Il eut l’impression qu’il avait donné un coup de poing, à Linda. Automatiquement, le canon du pistolet s’était rabaissé. Une lueur de stupéfaction avait brillé dans ses prunelles noires.

Nerveusement, elle demanda.

— Vous êtes sûr qu’elle avait une tache dans l’œil ?

— Certain.

Linda, le fixait, visiblement prise à contre-pied. Il lui semblait voir les rouages de son cerveau en mouvement.

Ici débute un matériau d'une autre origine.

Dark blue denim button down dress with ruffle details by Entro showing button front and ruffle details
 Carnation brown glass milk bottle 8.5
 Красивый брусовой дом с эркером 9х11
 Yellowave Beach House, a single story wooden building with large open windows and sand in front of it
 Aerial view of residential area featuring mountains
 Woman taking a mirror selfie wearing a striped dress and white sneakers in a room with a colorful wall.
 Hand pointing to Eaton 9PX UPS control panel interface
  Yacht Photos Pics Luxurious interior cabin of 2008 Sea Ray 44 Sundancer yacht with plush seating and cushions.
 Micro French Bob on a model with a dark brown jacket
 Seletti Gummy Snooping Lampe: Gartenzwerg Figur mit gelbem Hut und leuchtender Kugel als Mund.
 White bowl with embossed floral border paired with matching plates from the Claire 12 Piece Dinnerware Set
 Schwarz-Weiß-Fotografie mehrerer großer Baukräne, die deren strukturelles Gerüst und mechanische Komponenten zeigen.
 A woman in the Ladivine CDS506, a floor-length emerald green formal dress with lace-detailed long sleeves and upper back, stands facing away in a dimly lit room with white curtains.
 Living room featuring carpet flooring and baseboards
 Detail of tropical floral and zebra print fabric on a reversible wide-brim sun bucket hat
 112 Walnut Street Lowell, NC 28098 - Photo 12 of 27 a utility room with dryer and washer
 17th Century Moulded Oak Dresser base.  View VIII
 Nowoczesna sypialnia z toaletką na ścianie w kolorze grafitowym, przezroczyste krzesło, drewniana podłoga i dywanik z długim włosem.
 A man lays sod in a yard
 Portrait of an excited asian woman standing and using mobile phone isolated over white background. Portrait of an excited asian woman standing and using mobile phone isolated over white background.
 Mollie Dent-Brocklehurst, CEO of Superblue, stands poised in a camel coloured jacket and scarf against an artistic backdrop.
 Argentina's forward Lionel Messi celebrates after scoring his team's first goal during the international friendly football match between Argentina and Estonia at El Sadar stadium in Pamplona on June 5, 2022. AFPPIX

— Racontez-moi exactement ce qui est arrivé, dit-elle. Depuis le début.

Malko lui fit un récit aussi exact que possible. Décrivant ceux qui s’étaient attaqués à lui. Peu à peu, il voyait la rage crisper à nouveau les traits de Linda. Mais cette fois ce n’était pas contre lui. Finalement, elle jeta d’un geste brusque le pistolet sur le lit.

— C’est Ah You ! fit-elle. Cette fille s’appelle Chang. C’est sa maîtresse. Je la reconnais à cause de l’œil. On l’avait brûlée.

— Ah You remarqua Malko, c’est celui qui recherche Lim ?

— Oui, fit Linda. On m’a dit qu’il a essayé de le kidnapper il y a quelque temps. Que c’est pour cela que Lim se cache. Ce sont les hommes de Ah You qui ont tué Margaret.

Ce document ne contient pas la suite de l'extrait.